Los vítores continuaron, y le pareció que el recorrido a través de la plaza era de al menos tres kilómetros en vez de solo unos cien o doscientos metros. Dejándose llevar por un impulso, al llegar a las puertas de la catedral, le pidió a un miembro del personal del evento que le sostuviera el ramo y saludó a la multitud con la mano, lo que hizo que la vitorearan aún con más fuerza. Luego volvió a tomar el ramo y entró en la enorme catedral.

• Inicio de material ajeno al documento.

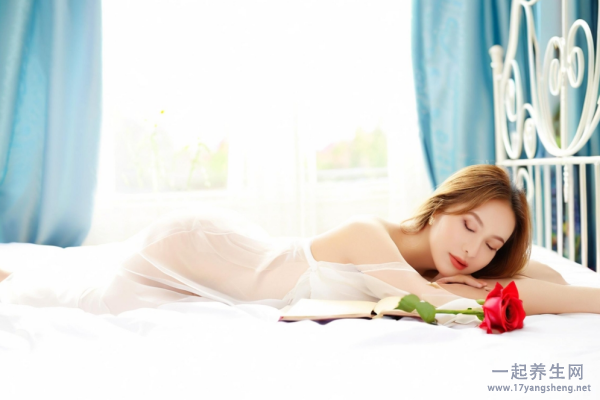 女生手冲的正确姿势是什么 女性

Se fijó en las filas y filas de bancos llenos de invitados con sus mejores galas. Y allí estaba Mateo, guapísimo con un frac y un montón de insignias reales en el pecho, esperando para llevarla hasta el altar con él. Cuando el órgano empezó a tocar, Mateo le tendió la mano. Ella la tomó, con los ojos fijos en los de él, comenzaron a andar por el pasillo central.

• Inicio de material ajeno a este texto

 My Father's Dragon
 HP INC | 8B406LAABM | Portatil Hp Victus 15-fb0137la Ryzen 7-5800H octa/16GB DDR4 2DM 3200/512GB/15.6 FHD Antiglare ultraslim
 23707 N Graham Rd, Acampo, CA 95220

Mateo la miró mientras avanzaban: la barbilla bien alta, los hombros hacia atrás, la vista al frente. Tenía un porte elegante, regio, magnífico. Se le hinchió el corazón de orgullo y de algo más, algo más profundo y peligroso. La tensión y el distanciamiento que había habido entre ellos los últimos dos días se disiparon en ese momento. Avanzaban juntos hacia su futuro, y pronto Rachel sería su esposa.

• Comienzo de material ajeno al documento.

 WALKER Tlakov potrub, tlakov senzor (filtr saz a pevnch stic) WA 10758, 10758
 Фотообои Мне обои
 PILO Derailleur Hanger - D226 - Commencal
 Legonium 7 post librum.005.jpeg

La ceremonia pasó en un abrir y cerrar de ojos. Como era la tradición, repitieron tres veces los votos matrimoniales. El obispo sostuvo un momento sobre sus cabezas sendas coronas de laurel, se intercambiaron los anillos y Mateo le levantó el velo a Rachel. Ella esbozó una sonrisa trémula. Sus ojos rebosaban amor. La besó suavemente, rozando apenas sus labios, pero se sintió como si estallaran fuegos artificiales en su interior. ¿Cómo iba a mantener las distancias con Rachel si solo con un beso se sentía así?, se preguntó.

Sin embargo, la ceremonia tenía que continuar y no había tiempo para pensar. Ahora que ya eran marido y mujer, subieron los escalones del altar, donde se habían colocados dos tronos, se arrodillaron ante ellos y se tomaron de la mano.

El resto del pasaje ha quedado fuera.